Les conditions d’une vraie réforme fiscale
Une carte blanche de Typhanie Afschrift, oratrice Cafés-Conseils.
Pendant plus de 2 ans, le pays a attendu une réforme fiscale. La réalité est que celle-ci, dans l’accord initial du gouvernement, n’était pas prévue pour cette législature, mais pour la suivante, celle qui commencera après les prochaines élections. Il est donc étrange que, malgré tout, l’on ait essayé de réaliser un objectif qu’à l’origine on n’a pas trouvé indispensable. Et puis, ce fut l’échec. Les sept partis de la très incertaine coalition n’ont jamais pu se mettre d’accord sur les propositions du ministre des finances. Aujourd’hui, presque tous les partis annoncent qu’il faudra réaliser enfin cette réforme fiscale sous le prochain gouvernement. |
Malheureusement, la plupart sont très imprécis quant au contenu de cette réforme, et les propositions que donnent les uns et les autres paraissent bien incompatibles.
De plus, ce qui est proposé peut rarement être qualifié de véritable « réforme fiscale ». On a pris l’habitude, depuis plusieurs années, en Belgique, de ne pas réformer réellement l’impôt et de se contenter de simples « tax shifts », reposant toujours sur une sacro-sainte « neutralité fiscale ». En clair, on s’interdisait, avant même de proposer la réforme, de réaliser quelque chose qui modifierait le total des impôts perçus à ce jour. On imagine donc faire une réforme fiscale sans modifier le niveau des recettes de l’Etat.
C’est là qu’est la première erreur. L’intérêt d’une réforme qui ne modifie pas le niveau global de l’imposition est très limité. Le principal problème de notre pays est que les impôts y sont trop élevés.
La Belgique figure systématiquement, depuis 30 ans, dans tous les classements, parmi les 3 ou 4 pays les plus taxés au monde. On a récemment révélé que pour un salarié célibataire sans enfant, la Belgique était le seul pays au monde où l’Etat s’appropriait plus de la moitié du salaire, en moyenne.
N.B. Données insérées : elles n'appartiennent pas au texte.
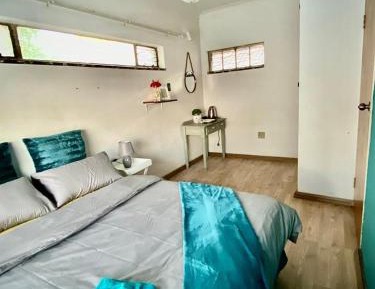 Queen Room with Shared Bathroom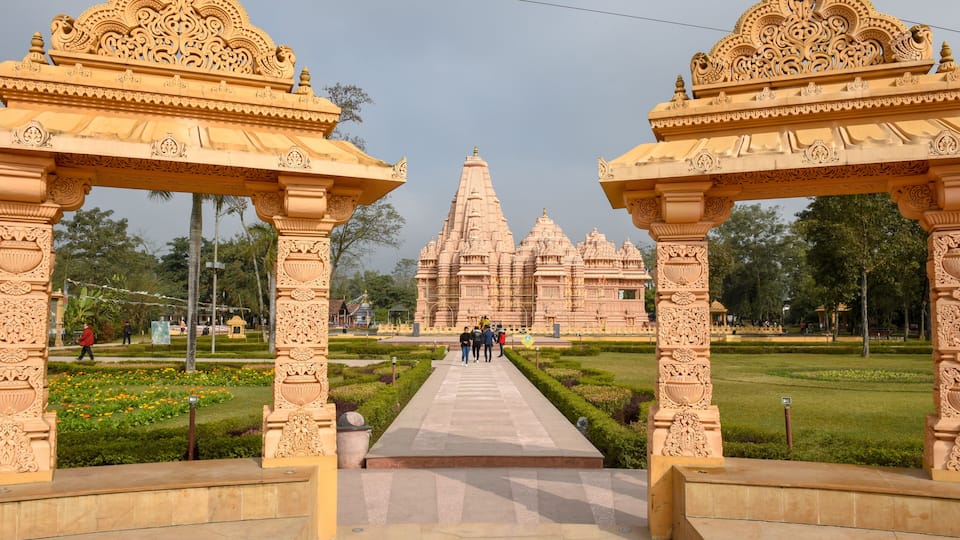 A temple with intricate carvings, a central pathway, and a well-maintained garden.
S’il y a quelque chose à réformer, c’est d’abord cela : il faut réduire, d’une manière importante, le poids de l’impôt et de l’Etat dans la vie des gens. Et ceci implique une réforme fiscale qui ne soit évidemment pas « neutre ». Et qui dit réduction des recettes doit nécessairement accepter qu’il en soit autant des dépenses.
Une vraie réforme fiscale impliquera par conséquent une remise en question des dépenses, notamment dans ses postes les plus importants, que sont la fonction publique et la sécurité sociale.
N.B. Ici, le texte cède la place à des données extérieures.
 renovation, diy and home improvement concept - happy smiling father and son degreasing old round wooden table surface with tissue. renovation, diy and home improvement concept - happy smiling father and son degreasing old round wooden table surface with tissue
Il faut aussi que la réforme ne réduise pas seulement le poids de l’impôt pour une partie des contribuables. L’on entend partout dire, à juste titre, qu’il faut réduire la différence entre le revenu net de ceux qui travaillent, et le niveau des allocations de ceux qui ne travaillent pas. C’est une évidence mais cela ne suffit pas. Il n’est donc pas suffisant de simplement augmenter le « minimum imposable », c’est-à-dire le montant minimum des revenus qui supportent une taxation.
Il faut aussi que ceux qui supportent le plus le poids de l’impôt aujourd’hui, c’est-à-dire les classes moyennes, bénéficient d’une sensible réduction des charges sociales et fiscales. Pas seulement l’effet mécanique de l’augmentation du minimum imposable, mais aussi une amélioration de l’ensemble du barème de l’impôt des personnes physiques, en faveur, à tout le moins, de l’ensemble des revenus moyens.
Le barème belge de l’impôt des personnes physiques est celui qui monte le plus rapidement à son maximum, de 50 % plus les centimes additionnels. Cela doit absolument changer.
Et il faut en profiter, aussi, pour améliorer le régime de l’impôt des sociétés, beaucoup trop lourd lorsqu’on tient compte en outre d’un précompte mobilier à 30 % pour les distributions de dividendes.
La réforme fiscale de l’impôt des sociétés, réalisée en 2017, a été un échec parce qu’elle n’a pas abouti à une réduction de la charge pour les entreprises, et notamment pour les PME, qui créent le maximum d’emplois en Belgique.
Voilà pour l’essentiel, les conditions minimales d’une vraie réforme. Pour le moment, on ne voit pas beaucoup de partis qui proposent un système ambitieux. S’ils ne le font pas, ils courront pourtant à un nouvel échec.